The researchers have had better luck elsewhere, and when they do find frogs, they pack them into plastic bags and medevac them out of the forest like injured soldiers, to tightly controlled buildings like the ones Angie Estrada works in at the Summit Zoo, in Gamboa, Panama. The buildings are basically converted shipping containers that Estrada calls “pods”—a safe, “chytrid free” population of frogs in captivity.

Each pod holds row upon row of aquariums, fog machines, and UV lights, which Estrada said are meant to reproduce the specific conditions of each species’ natural habitats.

“Some of these frogs are coming from cloudy mountain forests,” Estrada said, “so our pods need to keep up with high humidity and low temperatures. They need to have light–white lights resembling night light and day light. We also need to do UV lights (to allow them) to go through metamorphosis.”

The frogs in the pods are some of the most remarkable you’ll see anywhere. Some look like bright yellow decomposing leaves, others are black as tar and have a crown like a triceratops.

And the pods hold some of the very last of their kind.

”We call them arks,” Estrada said, “amphibian arks, because we’re basically keeping them alive for future generations.”

And yet it’s a bit of a rag-tag effort, as scientists race to keep up with a disease that they say is killing frogs fast.

Edgardo Griffith, who runs the El Valle Amphibian Conservation Center in Western Panama, where the fungus swept through several years ago, said scientists there were “behind the chytrid wave.” When chytrid arrived in El Valle, Griffith said, “we didn’t even have a facility. So we had to keep frogs in hotel rooms.”

Griffith’s new facility is slightly more sophisticated. His quarantined building is home to a dozen vulnerable local species.

But being as exotic as they are also means there’s no rule book on how to take care of these frogs. Nobody knew exactly what some of them ate, or what they needed to mate. The researchers are learning as they go. And Griffith said they “lost a lot” of frogs along the way.

Why go to all this trouble to save a bunch of amphibians? The Smithsonian’s Brian Gratwicke said some of them may prove important to humans.

“There’s a species of frog in Australia that produces a chemical called asirin, which blocks HIV transmission to T-cells,” Gratwicke said.

And the skin of other frogs has produced compounds that kill “superbugs” in hospitals.
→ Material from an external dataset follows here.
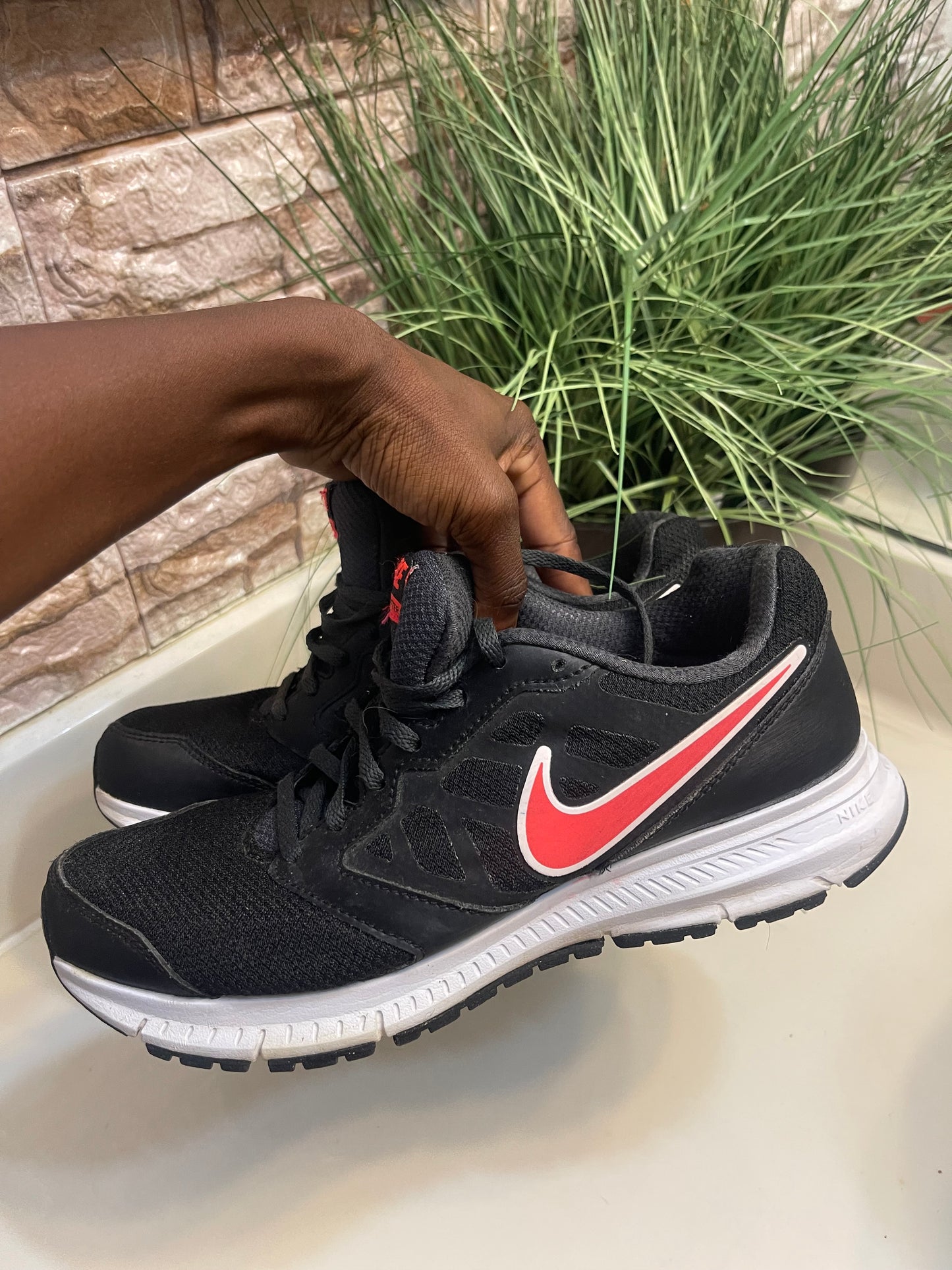 Nike Black Pink Sneakers Women sz 10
That’s why Gratwicke believes every extinction is a lost opportunity for humans.

“The untapped resources of our amphibian biodiversity are virtually unknown,” he said.
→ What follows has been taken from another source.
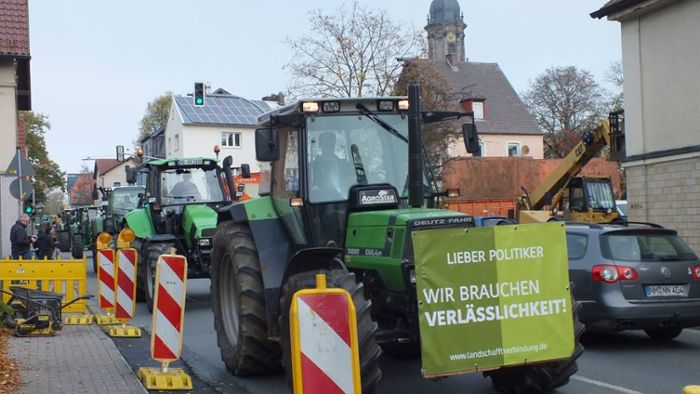 Bayreuth: Demo: 1000 Traktoren rollen aus allen Richtungen an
But Gratwicke said there’s another important reason.

“’To keep every cog and wheel is the first rule of intelligent tinkering,’” Gratwicke said, quoting the legendary ecologist Aldo Leopold. In this case, he said, “amphibians are more than just the cogs and wheels. They are the entire middle of the food chain. They eat all of the bugs that are then eaten by snakes and birds and other things. So we just want to make sure we look after them.”

Of course frogs can only play their vital ecological roles if they can survive in the wild. And that likely can’t happen for most of the species now being sheltered here in Panama without some kind of solution to the Chytrid problem. There is promising research in the United States, where scientists have discovered bacteria that confer immunity to the fungus for some amphibians. But so far there is no miracle cure that will work in the wild.
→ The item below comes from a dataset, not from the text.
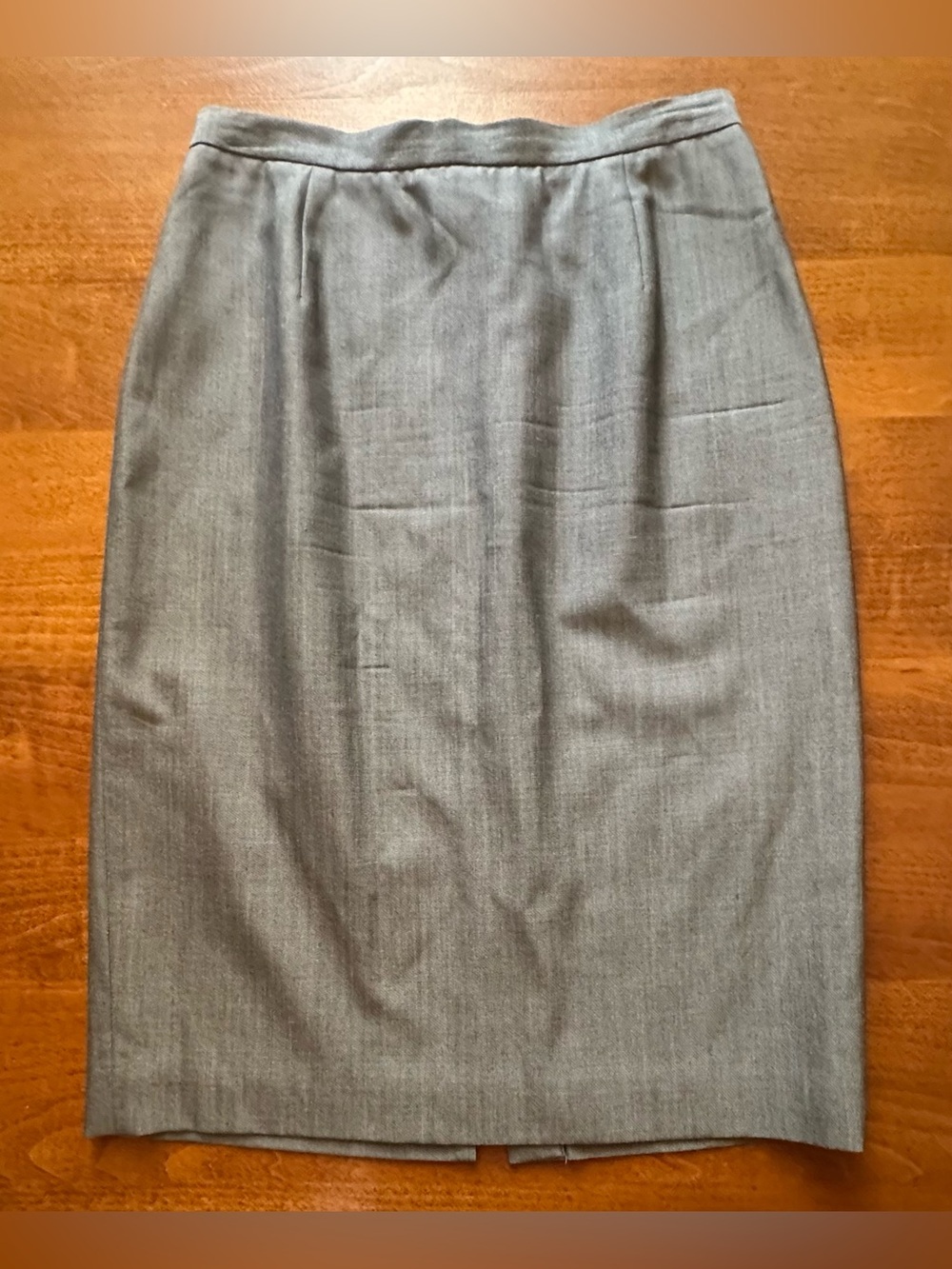 Ann Taylor•wool blend pencil skirt•size 4•heather gray•lined•knee length/midi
Meanwhile, Angie Estrada has had a breakthrough in her efforts to save at least one endangered species in her frog pod in Gamboa, where about 80 miniature black and green frogs hop around a critter keeper. Estrada said they’re a brood of Atelopus certus babies, “one of the first Atelopus born in captivity ever.”

The species is native to a sliver of Panamanian forest called the Darien. There may be 150 species of frogs there altogether, and it’s still chytrid free. But scientists estimate that the fungus will arrive there in a year or two, and that ninety percent of them will die.

Estrada hopes that some day, though, her baby frogs may be able to leave her amphibian ark and go back to their parents’ forest home.

“I know it’s crazy,” Estrada said, “but these may be the founders for repopulating these areas.”